(Information supplied begins)

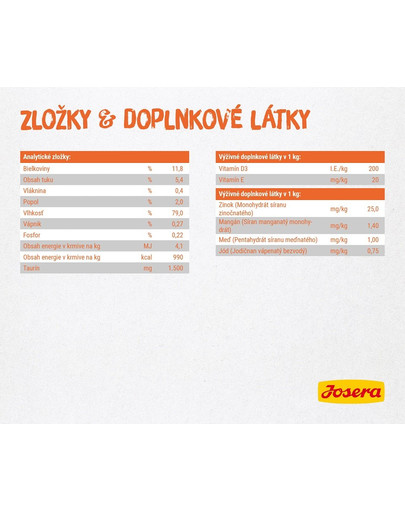 JOSERA Kuracie filety16 x 70 g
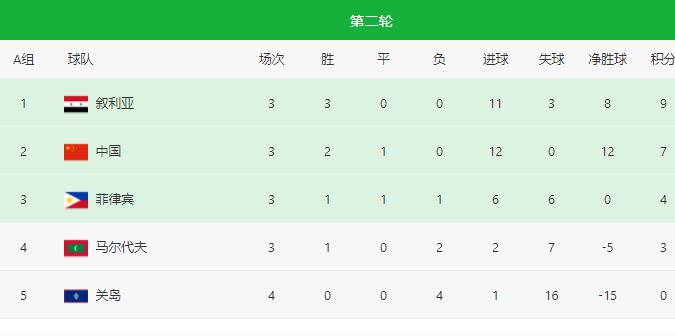 正在更新（欧冠小组赛）阿拉伯叙利亚共和国过招中国比分预测电商经济应用-权威解读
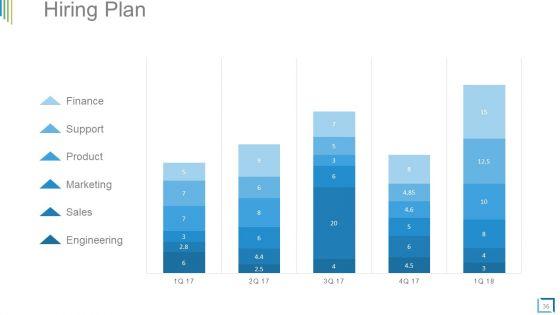 Business_Plan_Operational_Strategy_Powerpoint_Presentation_Slides_Slide_36.jpg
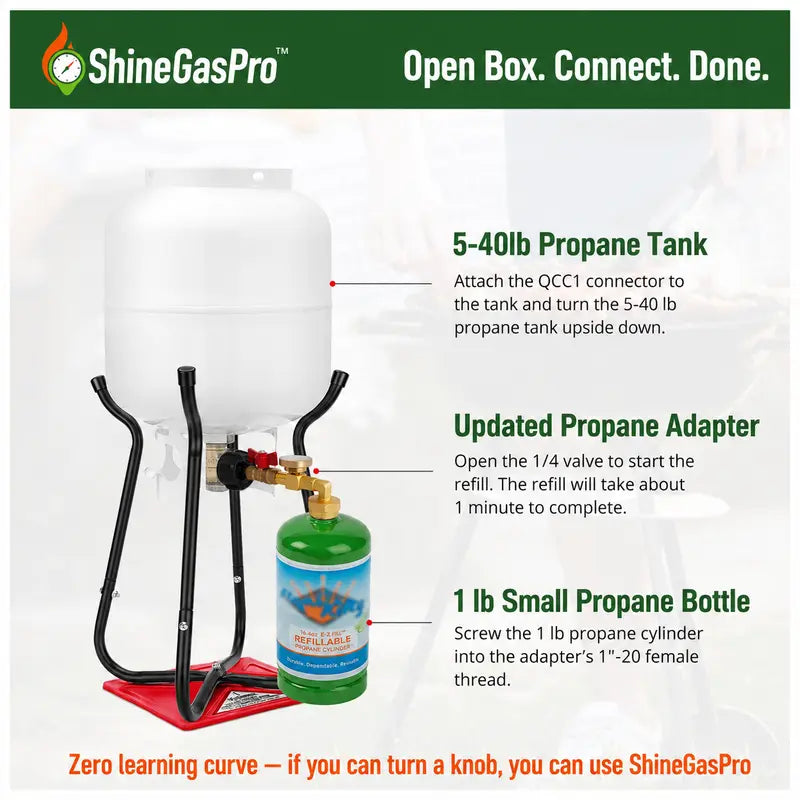 ShineGasPro™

(Information supplied ends)

What to produce
Leave out the pictures, and retype exactly the lines from the one containing "正在更新（欧冠小组赛）阿拉伯叙利亚共和国过招中国比分预测电商经济应用-权威解读" through the last line of the data above, no more and no less.

Written reply
 正在更新（欧冠小组赛）阿拉伯叙利亚共和国过招中国比分预测电商经济应用-权威解读
 Business_Plan_Operational_Strategy_Powerpoint_Presentation_Slides_Slide_36.jpg
 ShineGasPro™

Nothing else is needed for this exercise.